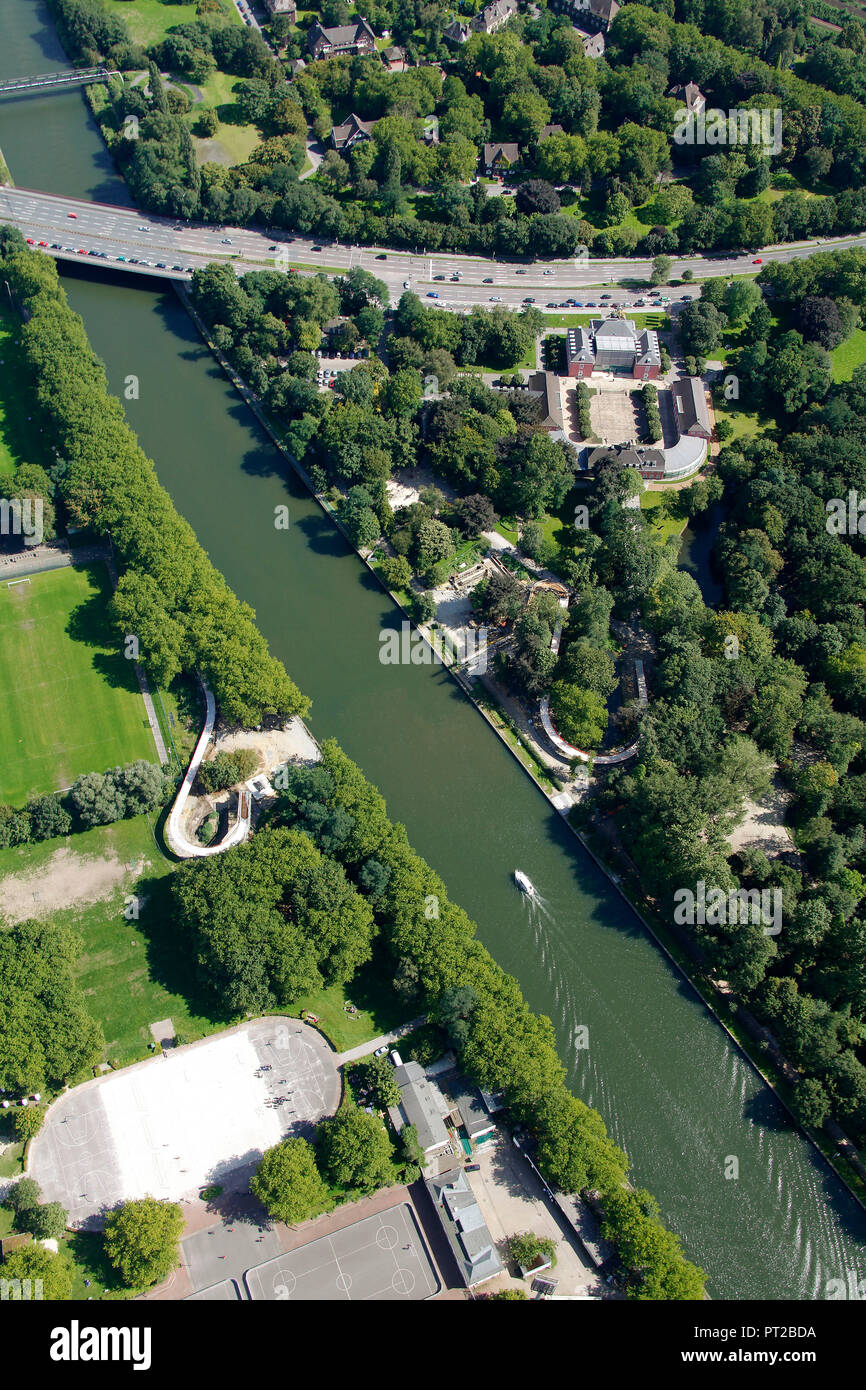 Luftaufnahme, Luftbild, Emscher Kunst, verführerische Federn zum Ruhm, Tobias Rehberger, Oberhausen, Burg, Rhein-Herne-Kanal, Oberhausen, Ruhrgebiet, Nordrhein-Westfalen, Deutschland, Europa, Stockfoto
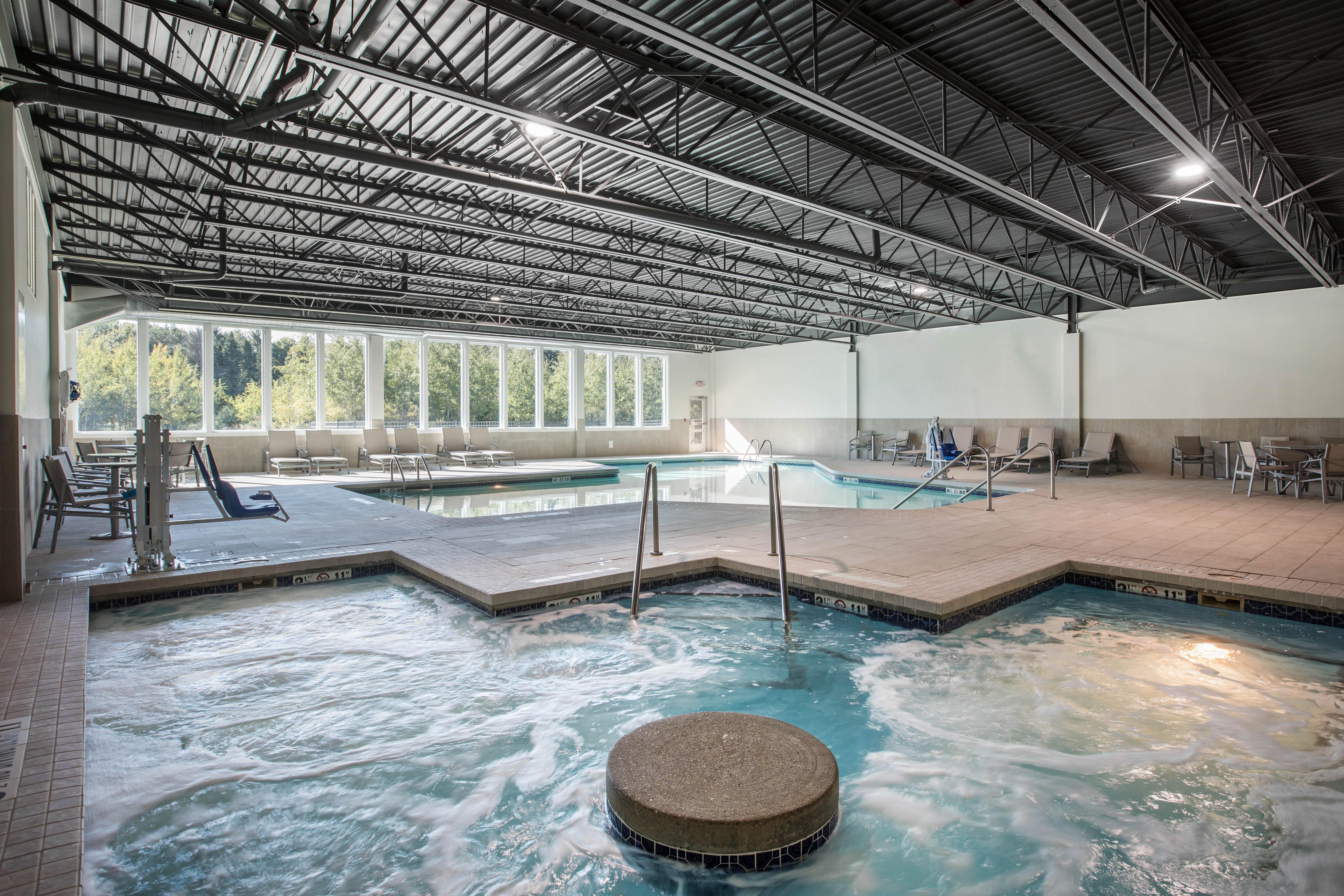 Holiday Inn Express & Suites Ludington By Ihg Buitenkant foto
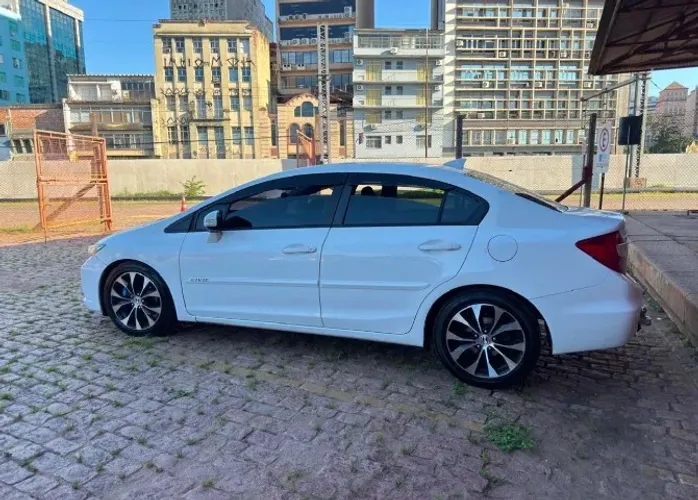 Honda Civic Sedan LXR 2.0 Flexone 16V Aut. 4P 2015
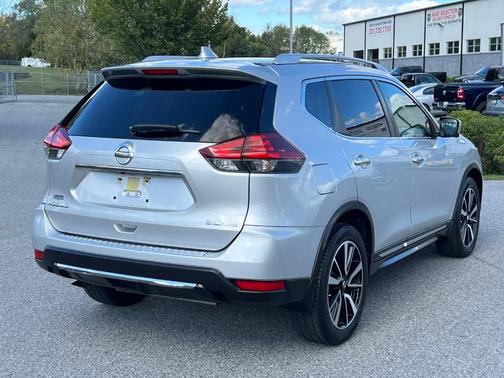 2018 Nissan Rogue SL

→ WORK REQUIRED: Output the listing above exactly, excluding all pictures.

→ RESPONSE AREA:
 Luftaufnahme, Luftbild, Emscher Kunst, verführerische Federn zum Ruhm, Tobias Rehberger, Oberhausen, Burg, Rhein-Herne-Kanal, Oberhausen, Ruhrgebiet, Nordrhein-Westfalen, Deutschland, Europa, Stockfoto
 Holiday Inn Express & Suites Ludington By Ihg Buitenkant foto
 Honda Civic Sedan LXR 2.0 Flexone 16V Aut. 4P 2015
 2018 Nissan Rogue SL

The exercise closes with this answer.